In this notebook we will use the Monte Carlo method to find the area under a curve, so first let's define a function $$f(x) = x^2-4x+5$$


In [2]:
f = lambda x:x**2-4*x+5
x = range(0, 11, 1)
y = [f(v) for v in x]
plt.plot(y)


Out[2]:
[<matplotlib.lines.Line2D at 0x7fcf1b28f9b0>]

Now, we know the probability of a random point being below the curve is equal to $$P_{curve}=\dfrac{A_{curve}}{A_{rectanle}}$$ Where $A_{rectangle}$ is the area of the plot in the given interval, so let's try to integrate it from 0 to 10


In [3]:
#Will use 3000 points
number_points=3000
#We want to see the points
points=[]
below=0
for p in range(0, number_points):
    x,y=(random.uniform(0,10), random.uniform(0, 70))
    # If the function for x is greater then the random y, then the point is under the curve
    if f(x) >= y:
        below +=1
    points.append((x,y))
ratio = below/number_points

In [4]:
color_func = lambda x,y: (1,0,0) if f(x)>=y else (0,0,1,0.5)
colors = [color_func(x,y) for (x,y) in points]
plt.ylim(0,70)
plt.xlim(0,10)
plt.scatter(*zip(*points), color=colors)
plt.show()
print("Ratio of points under the curve: %.4f" % ratio)
print("Approximated area under the curve: %.4f" % (ratio*700))


Ratio of points under the curve: 0.2747
Approximated area under the curve: 192.2667

Knowing the ratio of points under the curve, we can now calculate the integral as $$P_{curve}A_{rectangle} = A_{cruve}$$ If we take the integral $$\int_0^{10}x^2-4x+5$$ We have $$\dfrac{x^3}{3}-2x^2+5x\big\lvert_0^{10} = \dfrac{10^3}{3}-200+50 = 333.33 - 200 + 50 = 183.33$$ Which is close to the real area, now, let's see how many points we need


In [5]:
def monte_carlo_integration(f, number_points, xlims, ylims):
    below=0
    for p in range(0, number_points):
        x,y=(random.uniform(*xlims), random.uniform(*ylims))
        # If the function for x is greater then the random y, then the point is under the curve
        if y <= f(x):
            below +=1
    ratio = below/number_points
    area = ratio * (xlims[1]-xlims[0]) * (ylims[1]-ylims[0])
    return (ratio, area)

In [6]:
total_points = 10000
step = 100
estimated = [monte_carlo_integration(f, i, (0,10), (0,70))[1]
for i in range(step,total_points, step)]
mean = sum(estimated)/len(estimated)
print("Mean Approximated value %.4f" % mean)
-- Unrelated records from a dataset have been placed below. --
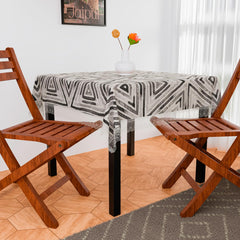 Heart Home Table Cover | PVC Dining Table Cover | Table Cloth | Center Table Cover | Table Cover for Kitchen Table | Triangle Table Cover for Hall Décor | 54 Inch | Gray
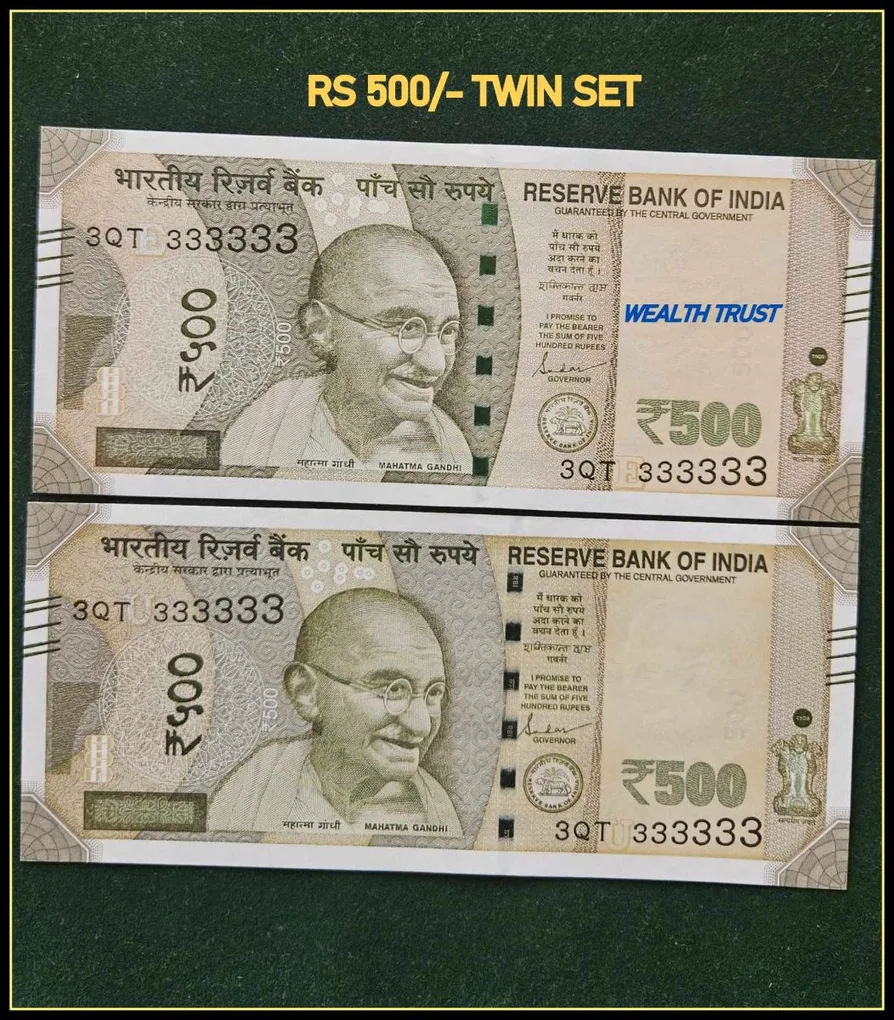 Rs 500 Twin Pair Gem Unc Very Unique Banknote Set Super Solid Number 3QT 333333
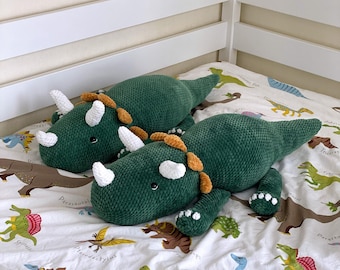 Crochet Dinosaur Pattern: Triceratops Amigurumi plush toy (PDF Download)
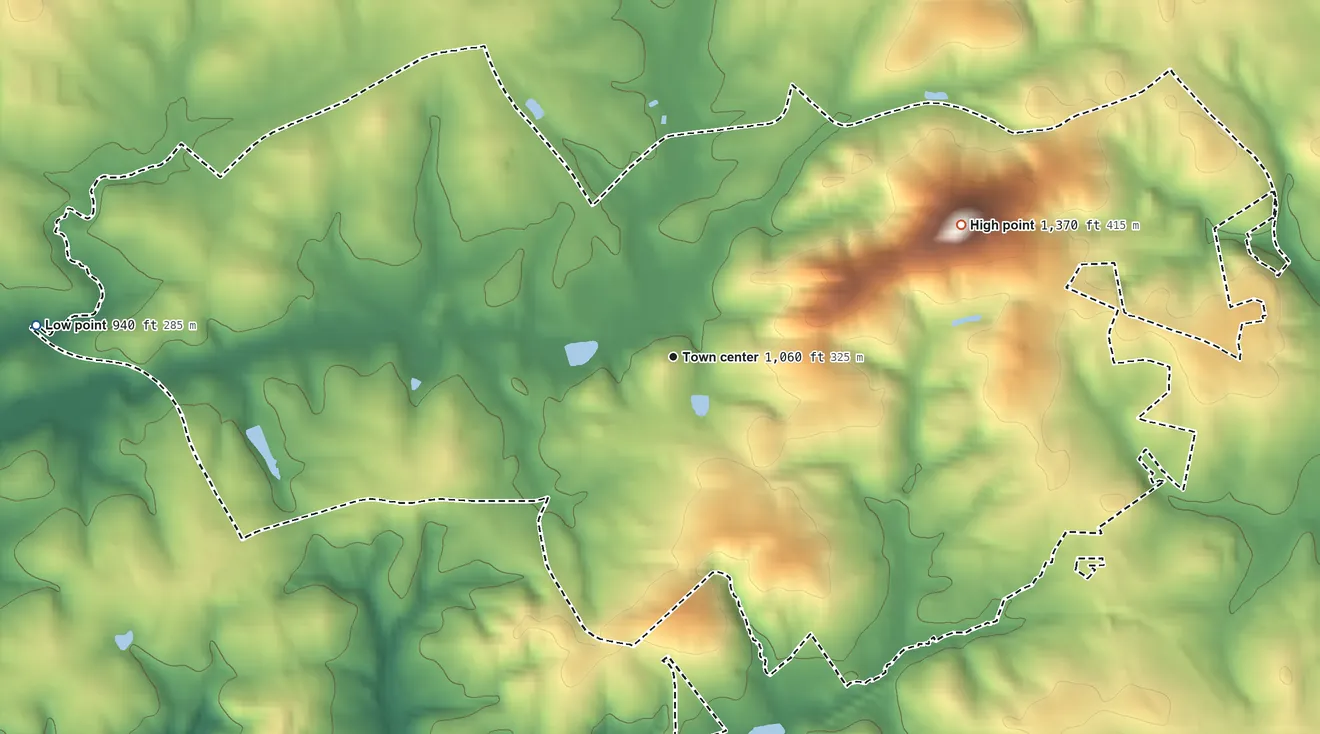 Topographic elevation map of Arial, South Carolina, shaded from 940 ft on the west side to 1,370 ft on Arial Mountain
Mean Approximated value 183.0119

In [7]:
plt.figure(figsize=(8,5))
plt.plot(estimated)
plt.hlines(183.3, 0, total_points/step, 'g')
plt.hlines(mean, 0 , total_points/step, 'r')
plt.legend(['Approximation', 'Real', 'Mean'], loc='best')
plt.ylabel("Estimated area")
plt.xlabel("Points used (x100)")
print("Approximated Integral Value: %.4f" % mean)


Approximated Integral Value: 183.0119

As we can see the more points we sample, the more accurate our approximation is to the real values, now what about if we have segments of our curve under the $x$ axis? Let's look at this example $$g(x) = x^2-4x-8$$


In [8]:
g = lambda x:x**2-4*x-8
x = range(0, 11, 1)
y = [g(v) for v in x]
plt.plot(y)


Out[8]:
[<matplotlib.lines.Line2D at 0x7fcf193d2e48>]

In [9]:
#Will use 3000 points
number_points=3000
#We want to see the points
points=[]
below=0
for p in range(0, number_points):
    x,y=(random.uniform(0,10), random.uniform(-20, 60))
    # If the function for x is greater then the random y, then the point is under the curve
    if f(x) > 0 and 0 < y < f(x):
        below +=1
    if f(x) < 0 and 0 > y >= f(x):
        below += 1
    points.append((x,y))
ratio = below/number_points

In [10]:
color_func = lambda x,y: (1,0,0) if (g(x) > 0 and 0 <= y <= g(x)) or (g(x) <= 0 and 0 > y >= g(x)) else (0,0,1,0.5)
colors = [color_func(x,y) for (x,y) in points]
plt.ylim(-20,60)
plt.xlim(0,10)
plt.scatter(*zip(*points), color=colors)
plt.show()
print("Ratio of points under the curve: %.4f" % ratio)
print("Approximated area under the curve: %.4f" % (ratio*800))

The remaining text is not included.